NATO nations and others met today in Doha, Qatar, debating what any or all of them should do to help the rebels still attempting to overthrow Moammar Gadhafi.

As they debated, fighting continued around Misrata, the only western Libyan city still partly in rebel hands.

We start with a report from Jonathan Miller of Independent Television News.

JONATHAN MILLER: Pinned down by NATO warplanes, Gadhafi’s army remains a lethal force in the city of Misrata, rebels here and further east desperate for NATO to intensify attacks on Libyan government forces to tip the balance in their favor.

Yesterday, NATO airstrikes destroyed 12 tanks in Misrata, this attack by British Typhoon fighter bombers. NATO’s now clocked up more than 800 strike sorties, but Britain and France insisting that more muscle is needed to break the military deadlock.
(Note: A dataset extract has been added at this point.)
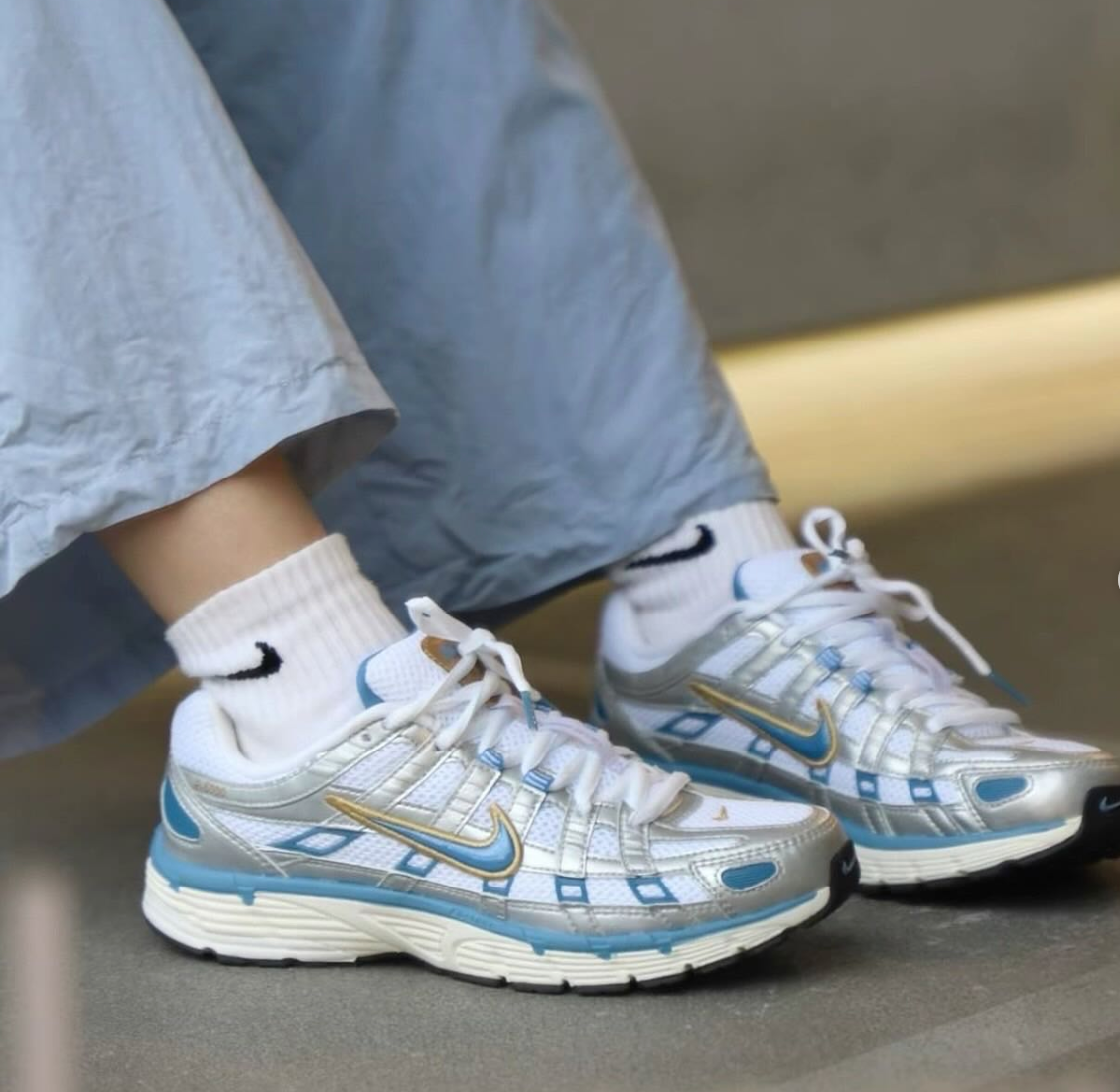 Nike P-6000 Metallic Silber Aegean Storm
NATO is divided on this matter. Today’s meeting in Qatar exposed the rifts, although there’s broad consensus that Libya’s political future should not include Gadhafi.

WILLIAM HAGUE, British foreign secretary: Any viable cease-fire, any viable peaceful future for Libya must involve the departure of Col. Gadhafi.

JONATHAN MILLER: One proposal, from Italy, calls for arming Libya’s rebels through a fund created from the regime’s frozen assets. Germany questioned the legality of such a move, though, suggesting it would go beyond the U.N. mandate.

On Libya’s eastern front, rebels continue to exchange rocket fire with Gadhafi’s forces. There’s satisfaction at the international recognition accorded in Qatar to the rebel National Council. Make no mistake, though, there are still many in this divided country who do support Gadhafi. Although, after six long weeks, the number of his acolytes still chanting in Tripoli’s Green Square is dwindling. They don’t like the news from the tiny emirate of Qatar.

If any plan hatched in Doha goes so far as to create a fund to arm the rebels using Libyan sovereign assets, it will incense the Tripoli regime. Tonight, as the Qatar conference ended rather inconclusively, NATO warplanes staged a daylight bombing raid on a munitions dump on the outskirts of the capital.